John C. Rorick

A Long and Active Life

Varied Experiences – Pioneer and Patriot – Services to His Community and State – Honored by Fellow Citizens and Associates

John C. Rorick was born near Elmira, New York, February 13th, 1834, died at his home in Wauseon, December 8th, 1920; between these two dates there is a period of nearly eighty seven years; a long life time and filled with a variety of experiences beyond the average of those which come to the lives of American citizens. Mr. Rorick was of a sturdy stock remarkable for its longevity and as well for its initiative and energy in service to its time and place.

William Rorick, his father, was of German parentage, as a young man of twenty-five he made the trip from New Jersey to Elmira on foot and six years later he was a member of the “Westward Ho” which people this section of the country with those pioneers of indomitable spirit and will who have conquered the wilderness and gave it as a heritage to their successors in the generation that followed. William Rorick made the trip from New York to Lenawee County, Michigan, with his little family in a covered wagon in 1836, he died at the age of 93. The mother who shared the adventure and the task of her pioneer husband, was Phoebe Breese, from the same family came such men as Judge Sidney Brees of Illinois, and Samuel Finley Breese Morse, the inventor of the telegraph.

The characteristic traits of his ancestry are evident throughout the life history of Mr. Rorick.
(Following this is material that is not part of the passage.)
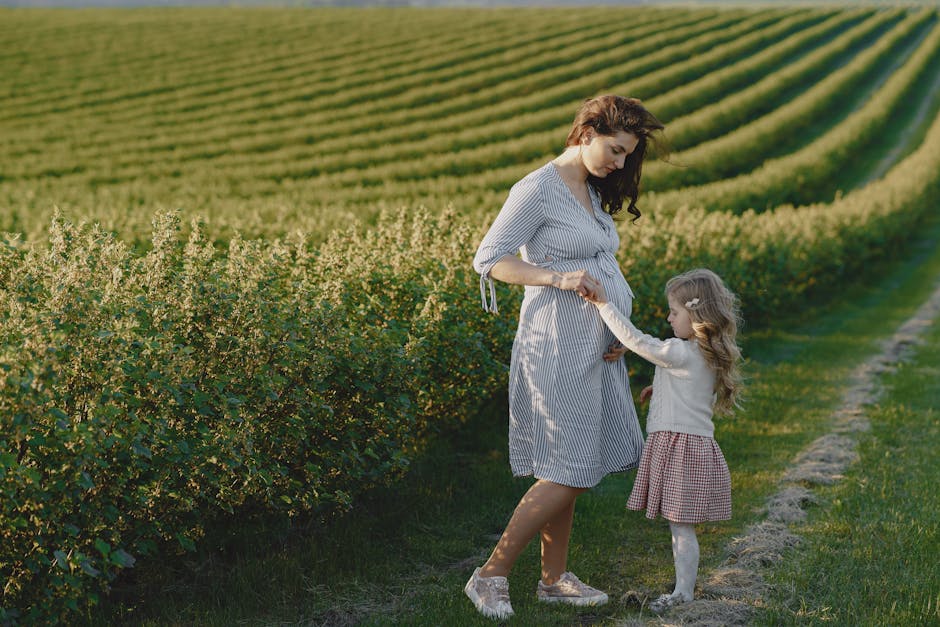 Mother and daughter bonding in a lush agricultural field, symbolizing new beginnings and family love.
In the days of his boyhood, society made but meagre provision for the school training; but his undaunted determination led him to work out his own training and education by supplementing the meagre school advantages with his own persistent effort to acquire for himself the knowledge essential to successful and useful living: One and one half terms at Medina Seminary in Tenawee [sic] County and a rather meagre course in Commerce in Gregory’s Commercial College of Detroit formed the framework upon which Mr. Rorick by his own study at home and constant search for information wrought out for himself what was recognized by those who knew him as a liberal education. To the last days of his activity he was constant in effort to add to his fund of information, so it was indeed true that with him education was the process of a lifetime.

The pioneer spirit and versatility of his character is exemplified in an outline of his life’s activities.
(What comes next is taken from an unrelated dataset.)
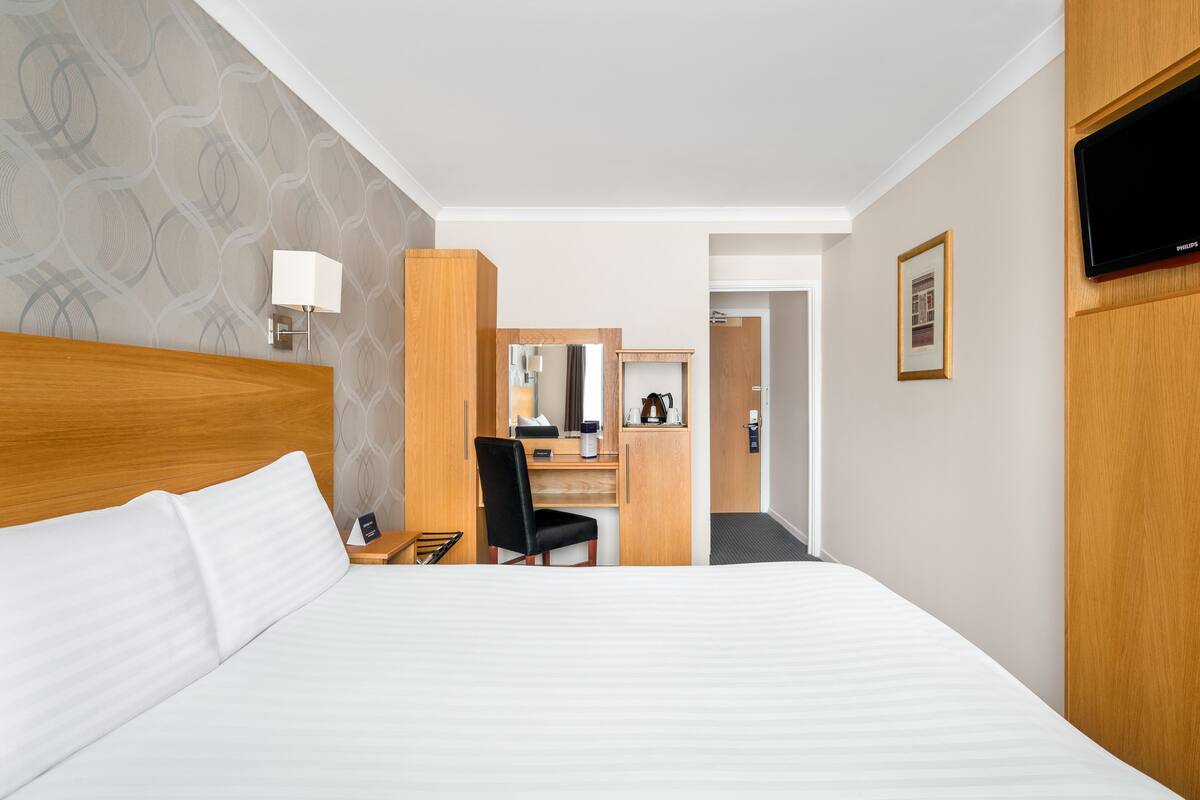 A hotel room with a large bed, a desk with a chair, a mirror, a television, and a framed picture on the wall.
At the age of eighteen he began teaching school; in 1854 he was in the Lake Superior Copper country as “Boss of the Kilns” at the Ridge Mine Ontonagon; returning to the states in company with two other young men on snow shoes 250 miles through unbroken wilderness with only a chart and compass to guide them; he again took up the occupation of teaching, giving instruction in writing, drawing and bookkeeping in Madison, Wisconsin and towns in that vicinity. In 1855 he in company with Dan Howard, a noted pen artist, charactered the first Commercial College in the State of Wisconsin, located in the city of Milwaukee; Mr. Rorick’s position in this school being the professor of the science of accounts and Commercial Law. He became proficient in pen drawing and his work in this line was awarded premiums in art exhibits in Chicago and elsewhere. Selling out his interest in the Commercial College in Milwaukee, he retired to Aurora, Illinois and in 1860 returned to Michigan. In 1862 December 15th, he was united in marriage to Miss Emma J. Whiting at Elmira, N.Y. returning to his home in Michigan with his bride. In 1864 he became the proprietor of the Sherman House in Wauseon. In 1866 he purchased the Morenci Hotel Morenci, Michigan, in 1867 he became the owner and operator of a Spoke Factory at Canandaigua, Michigan. In 1872 he moved to Wauseon where he resided to the date of his decease: In addition to the enterprises already alluded to he has been actively involved in agriculture, having owned 12 farms in Ohio, besides numerous others in the States of Michigan, Indiana, Iowa and Kansas. He was engaged in Commerce in Wauseon for a number of years as a member of the grocery firm of White and Rorick; he was also president of the Grayson Telephone Company of Sherman and Dennison, Texas with headquarters at Lima, Ohio.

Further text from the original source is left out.